# Newby Budget Herms



## tom86 (6/10/16)

I have been brewing extract for a while and just attempted my first all grain with the 19L BIAB (DJ Nick method ish). My sparge technique was crap so my efficiency was pretty terrible ~50% so I just bumped it up with some extract..

Got me looking more into all grain though and I am trying to design a very cheap all grain system with stuff I already have.

My design is per the attached, I have semi broken 6L pressure cooker I want to use for the HLT a 60L esky for the mash tun and then the 19L pot for the kettle. I was planning on hacking the pressure cooker and wiring in a STC1000 with the element to control the temps. I also have some perforated SS to make a false bottom in the esky. 

Stuff I dont have yet, coppper tube, some valves and fittings, and wort pump (was thinking about $15 ebay one..)

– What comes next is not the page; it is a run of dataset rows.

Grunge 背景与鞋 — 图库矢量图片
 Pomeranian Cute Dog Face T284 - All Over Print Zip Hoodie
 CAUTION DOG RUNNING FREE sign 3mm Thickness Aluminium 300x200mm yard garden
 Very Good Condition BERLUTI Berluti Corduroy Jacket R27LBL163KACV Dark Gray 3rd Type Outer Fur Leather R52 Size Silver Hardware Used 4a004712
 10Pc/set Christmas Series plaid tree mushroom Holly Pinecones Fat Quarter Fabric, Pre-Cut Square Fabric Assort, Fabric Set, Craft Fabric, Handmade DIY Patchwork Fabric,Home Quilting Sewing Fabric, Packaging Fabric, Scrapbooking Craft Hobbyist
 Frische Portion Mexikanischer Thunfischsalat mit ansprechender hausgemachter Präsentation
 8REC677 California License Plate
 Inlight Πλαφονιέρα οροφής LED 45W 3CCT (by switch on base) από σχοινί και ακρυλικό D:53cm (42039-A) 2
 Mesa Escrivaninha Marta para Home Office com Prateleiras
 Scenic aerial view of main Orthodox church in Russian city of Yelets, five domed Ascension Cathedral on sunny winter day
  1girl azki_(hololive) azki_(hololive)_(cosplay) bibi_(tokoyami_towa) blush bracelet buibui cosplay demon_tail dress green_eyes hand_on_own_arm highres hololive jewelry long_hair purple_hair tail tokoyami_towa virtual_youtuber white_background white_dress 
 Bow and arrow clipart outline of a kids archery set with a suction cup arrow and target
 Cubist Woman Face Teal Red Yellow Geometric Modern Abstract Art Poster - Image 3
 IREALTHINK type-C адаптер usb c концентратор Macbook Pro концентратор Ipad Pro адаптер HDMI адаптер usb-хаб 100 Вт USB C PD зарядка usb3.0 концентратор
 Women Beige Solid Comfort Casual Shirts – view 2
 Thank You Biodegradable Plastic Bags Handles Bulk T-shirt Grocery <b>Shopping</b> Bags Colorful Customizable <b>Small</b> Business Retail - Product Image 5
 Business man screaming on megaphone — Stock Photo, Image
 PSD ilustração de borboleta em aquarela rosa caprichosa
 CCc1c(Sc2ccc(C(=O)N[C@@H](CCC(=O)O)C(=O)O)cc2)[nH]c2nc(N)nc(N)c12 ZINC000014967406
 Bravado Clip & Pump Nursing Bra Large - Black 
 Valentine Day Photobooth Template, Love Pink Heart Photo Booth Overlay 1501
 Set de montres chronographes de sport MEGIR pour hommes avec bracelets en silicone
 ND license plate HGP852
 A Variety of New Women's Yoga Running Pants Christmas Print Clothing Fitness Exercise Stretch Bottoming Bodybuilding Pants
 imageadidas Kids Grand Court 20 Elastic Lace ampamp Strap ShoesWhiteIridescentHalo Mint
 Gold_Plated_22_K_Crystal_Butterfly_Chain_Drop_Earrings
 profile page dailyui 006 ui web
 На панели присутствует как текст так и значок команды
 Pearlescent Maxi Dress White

Am I missing anything here?

Will 6L be enough sparge water for 19L brews

I am open to suggestions just want to keep it pretty cheap. 

Thanks in advance!


----------



## damoninja (6/10/16)

tom86 said:


> Will 6L be enough sparge water for 19L brews


Well, it won't be a 19L brew in a 19L pot, you'll be boiling like 17L and end up with like 15L. 

6L _may_ be enough to sparge a small one like this but usually like 2/3 of your volume will be from sparging. 
If you want to brew this small I'd say share the 19L pot and use that to heat sparge water use something (whatever else really) to collect first runnings. I notice there's no bv on your kettle too? 

60L esky is overkill for this setup though, I use a 56L esky for 50L batches and still don't come close to filling it up. 

HERMS for a small batch might seem like overkill too but I don't mind the idea since the mass is small. 

How are you planning to chill? Share the coil for that too? Wouldn't need to be real big for a small batch.


----------



## damoninja (6/10/16)

IMO - to get the most out of this setup I would either get another 19L or preferably a larger pot. 

(Assuming you're doing this on the stove)

If you get another 19L you can run 2 pots on the stove
If you get a bigger one say 40L, the stove may struggle unless you can place on multiple burners


I used to mash in a shitty old 25L esky in a bag with no valves or anything... boil a Big W 19L pot w/bv, a 10L pot and 7L pot all at once. Whatever pot didn't have water heating up was what I'd collect in. 


Didn't do it for long but glad I did, soon after I got the 40L pot and big burner and stuck with them for a good 2 yrs.


----------



## MHB (6/10/16)

damoninja is quite right, get a big enough pot or an urn and a bag to fit it and think about improving the system once you can make consistent quality beer at reasonably high efficiency.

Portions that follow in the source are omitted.